Ankara doğumlu Nilgün Kantar, Hacettepe Üniversitesi’nden fizik mühendisi olarak mezun olduktan sonra bir süre sektörde çalıştı. Ancak hayatı, annesinin vefatından sonra tamamen değişti. Annesinin anısını yaşatmak ve tarıma adım atmak isteyen Kantar, yurt dışında yaşayan dayısının desteğiyle Çorum’un Budakören köyünde bir süt üretim çiftliği kurma kararı aldı.
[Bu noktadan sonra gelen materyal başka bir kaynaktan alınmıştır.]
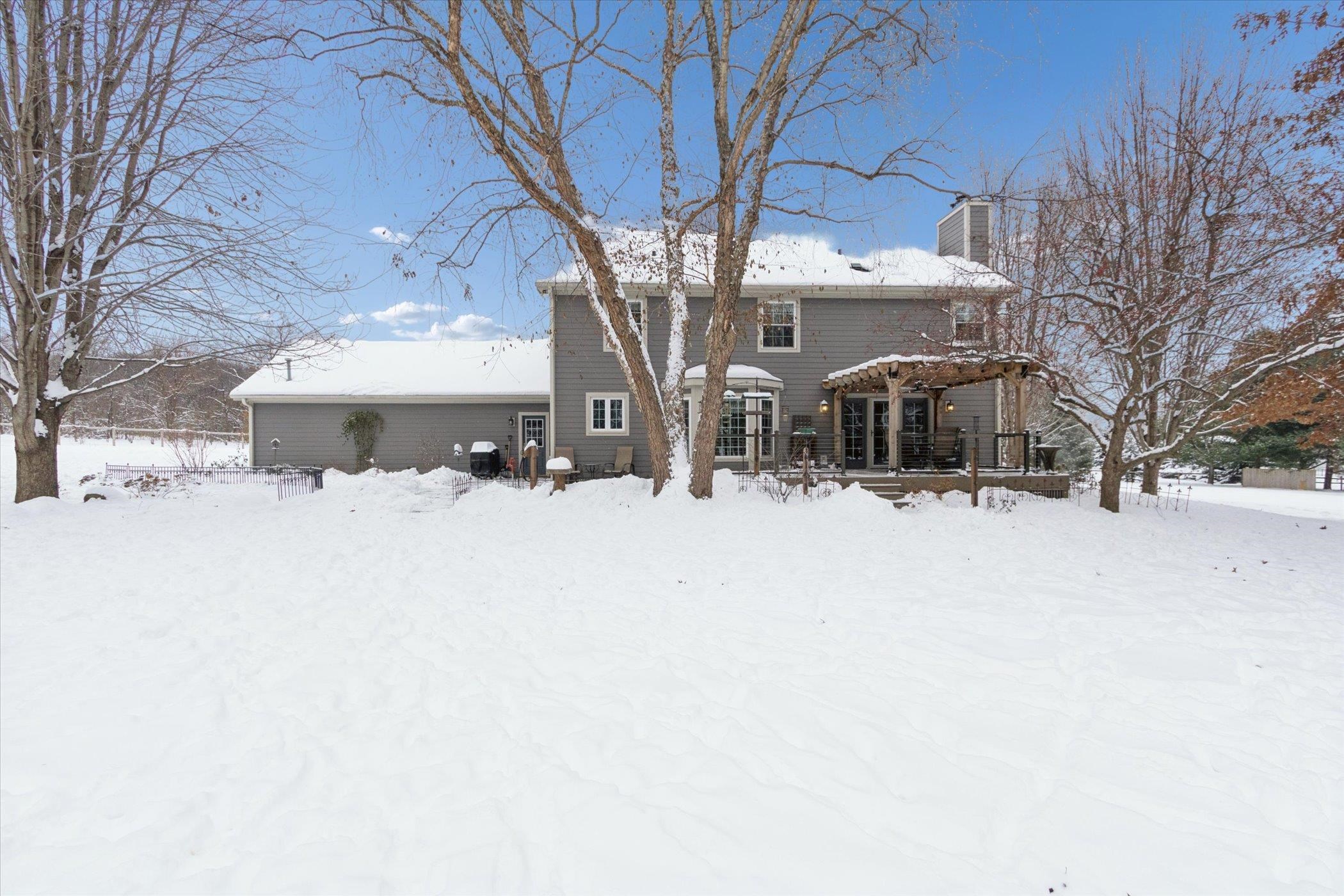 10906 Hamborg Road Roscoe, IL 61073 - Photo 52 of 65 a view of a house with snow on the road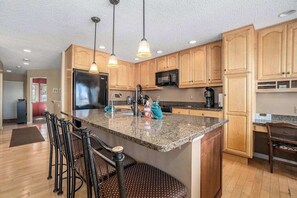 Fridge, microwave, oven, stovetop - Lakefront condo with deck, gorgeous view, fireplace, & W/D (Glen Arbor)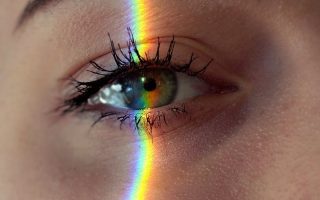 anonymous woman with rainbow light on face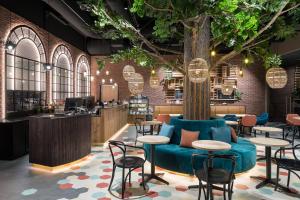 a lobby with a blue couch and tables and a tree at Original Sokos Hotel Kupittaa in Turku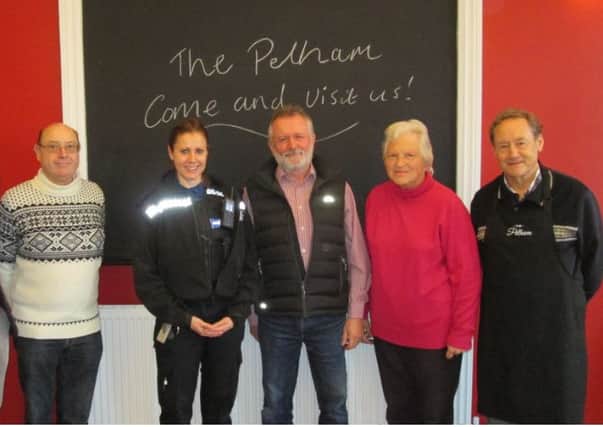 The Pelham staff with police community support officer Rachael Scott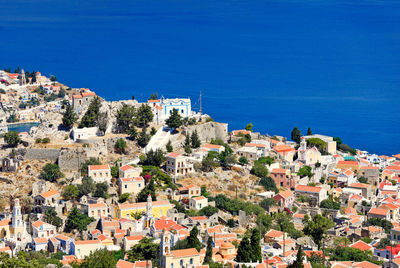 High angle view of townscape by sea against blue sky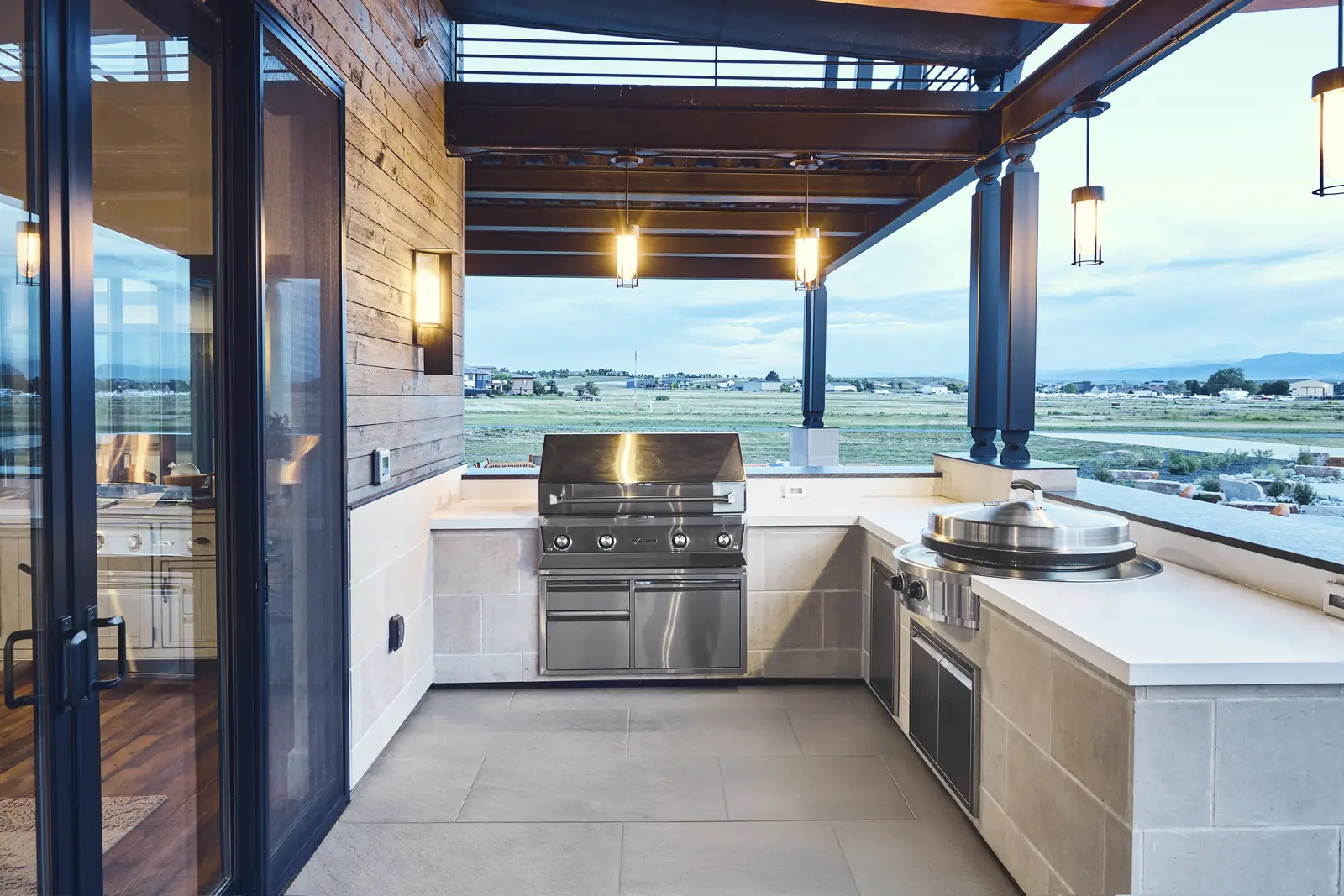 Built-in stainless grill and outdoor kitchen counters under a pergola with prairie views, Johnson Estate, Colorado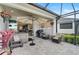 Relaxing patio with hot tub, outdoor seating, and screened lanai at 192 Van Gogh Cv, Bradenton, FL 34212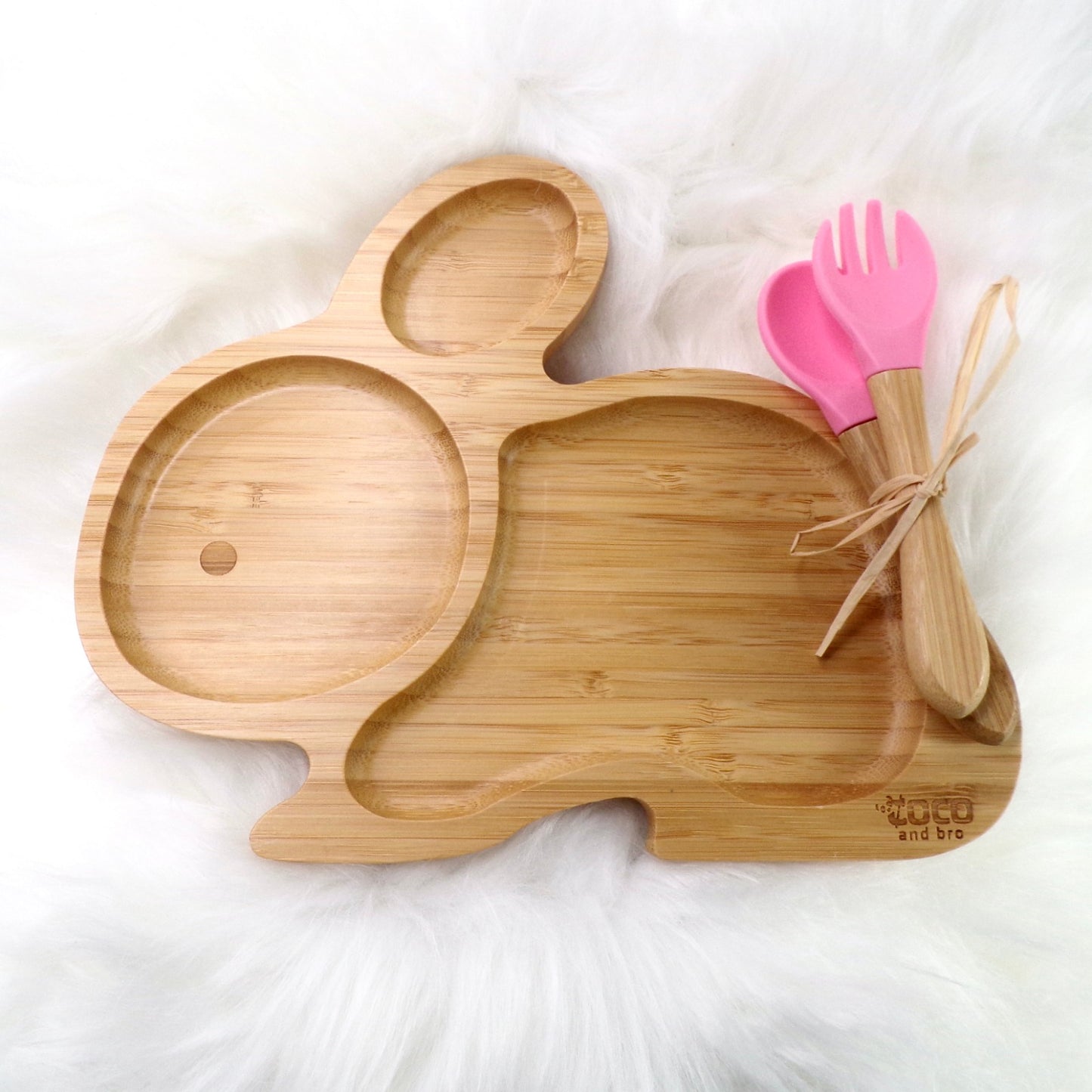 A bamboo children’s plate, with multiple food sections, in a rabbit design. The bamboo plate features a pink silicone suction ring at the back, and includes bamboo fork and spoon utensils in matching colours. Front view.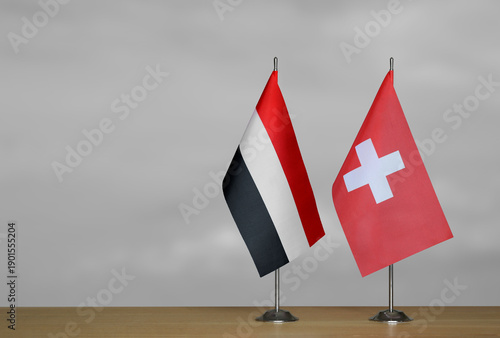 Two table flags of Yemen and Switzerland on a blurred gray background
Kelle-paça çorbası kadar faydalı! Bulgarların özel tarifi: İçen hastalar hemen ayağa kalkıyor Kelle-paça çorbası kadar faydalı! Bulgarların özel tarifi: İçen hastalar hemen ayağa kalkıyor

Hayvancilik 1

ANNESİNİN ANISINA

2015 yılında, annesinin adını taşıyan "Beyhan Süt Üretim Çiftliği Projesi’ni” hayata geçiren Kantar, Tarımsal Kalkınmayı Destekleme Kurumu'ndan (TKDK) aldığı yüzde 65 hibe desteğiyle çiftliğini kurmaya başladı. Almanya'dan 84 büyükbaş hayvan satın alarak, 2017 yılında süt üretimine başlayan Kantar, bu süreçte Avrupa Birliği Süt Üretim Belgesi ve Hastalıktan Ari İşletme Belgesi gibi önemli belgelere de sahip oldu.

ZORLUKLARLA DOLU

Hayvancılıkla ilgili hiçbir tecrübesi bulunmayan Kantar, zorlu koşullarda çalışarak her adımda yeni şeyler öğrendi. Kadın olmasının, bazı insanlarda “bu iş erkek işi” şeklinde olumsuz düşünceler oluşturduğunu belirten Kantar, zaman zaman hayal kırıklıkları yaşasa da yılmadı. "Bir buçuk metre karda çalıştığımız da oldu, jeneratörümüz arızalandı, hayvanların doğumları sırasında sıkıntılar yaşadık. Ama bütün bu zorluklar, aynı zamanda bir sınavdı" diyen Kantar, tüm bu engellere rağmen üretimden vazgeçmedi.

KADINLARIN GÜCÜ

Bugün, 29 bin 500 metrekarelik bir alanda faaliyet gösteren çiftlik, günlük ortalama 1,5 ton süt üretiyor. Çiftlikte 4 çalışan istihdam edilirken, ilginç bir şekilde haşerelerle mücadele kedilerle yapılıyor. Kimyasal ilaç kullanılmayan çiftlikte, 35 kedi doğal yollarla haşere kontrolü sağlıyor ve ödülleri ise taze süt oluyor. "Ekosistem kendi içinde dengeleniyor" diyen Kantar, kedilerin bu süreçte ne kadar önemli bir rol oynadığını vurguluyor.

Hayvancilik 3

BAŞARI HİKAYESİ

Çiftliği kurduktan sonra, hayatında çok sayıda zorlayıcı an olduğunu belirten Kantar, “Ağladığım, sinirlendiğim dönemler oldu. Ama zamanla her şeyin üstesinden gelmeyi öğrendim. Dağ başında, hayvanlarla yalnız kalmak, yalnızca hayatta kalmak için mücadele etmek zor ama bununla birlikte çok öğretici" şeklinde konuşuyor. Kantar, çiftliğinde üretimin sadece ticari değil, aynı zamanda bir sorumluluk olduğunu belirterek, hayvanları Allah’ın emaneti gibi gördüğünü ifade etti.

BABADAN DESTEK

Baba İlhan Kantar ise, kızının yardım çağrısına kayıtsız kalmayarak Ankara’daki gözlükçü dükkanını kapatarak köyüne geri döndü. Çiftliğin kurulmasında devlet desteğinin büyük rolü olduğuna dikkat çeken İlhan Kantar, "Üretmek bir ibadettir. Biz de burada devletimizin yardımlarıyla üretmeye devam ediyoruz. Eğer biz güçlü olursak, kimseye boyun eğmeyiz" diyerek üretimin önemini vurguladı.